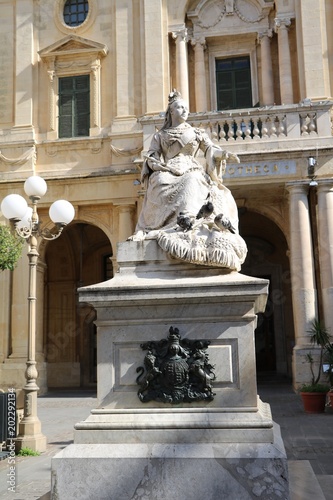 View to Statue of Queen Victoria in front of National Library at Republic Square in Valletta, Malta  photo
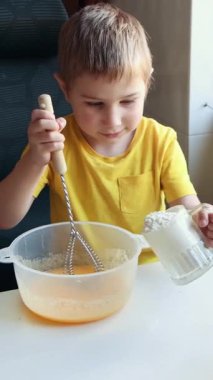 Çocuk dikkatli bir şekilde yemek yapmayı öğreniyor kaseye malzeme ekleyerek ve çırparak.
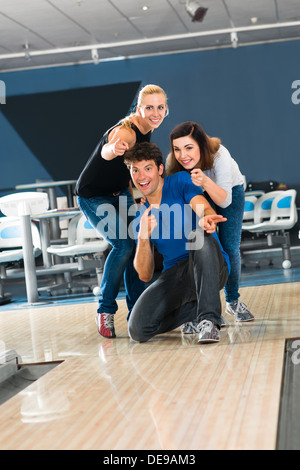 Gruppe von Freunden in einer Bowlingbahn, Spaß haben, die Mädchen jubeln dann er bekommen einen Streik Stockfoto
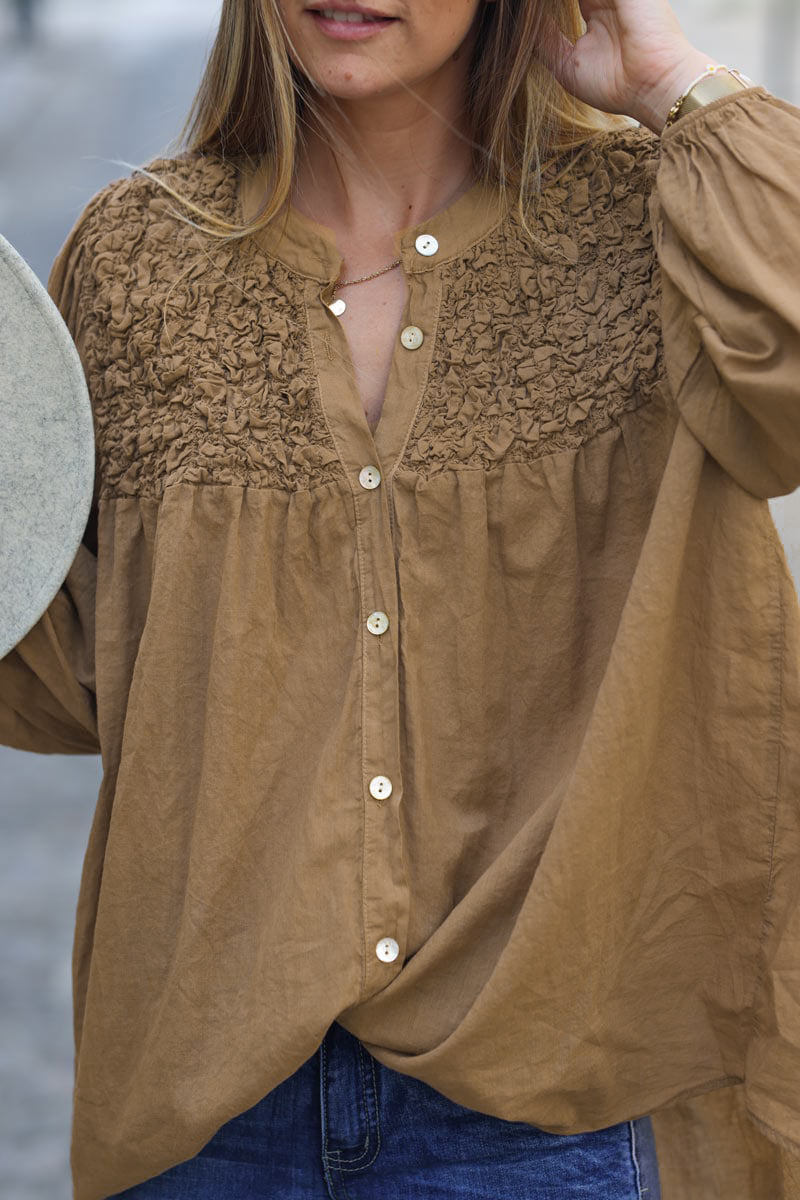 Smocked camel floaty blouse with mother of pearl buttons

* **Work order**: From the first line to the last, write out the data above exactly. Omit the pictures.

* **Answer section**:
 View to Statue of Queen Victoria in front of National Library at Republic Square in Valletta, Malta  photo
 Çocuk dikkatli bir şekilde yemek yapmayı öğreniyor kaseye malzeme ekleyerek ve çırparak.
 Gruppe von Freunden in einer Bowlingbahn, Spaß haben, die Mädchen jubeln dann er bekommen einen Streik Stockfoto
 Smocked camel floaty blouse with mother of pearl buttons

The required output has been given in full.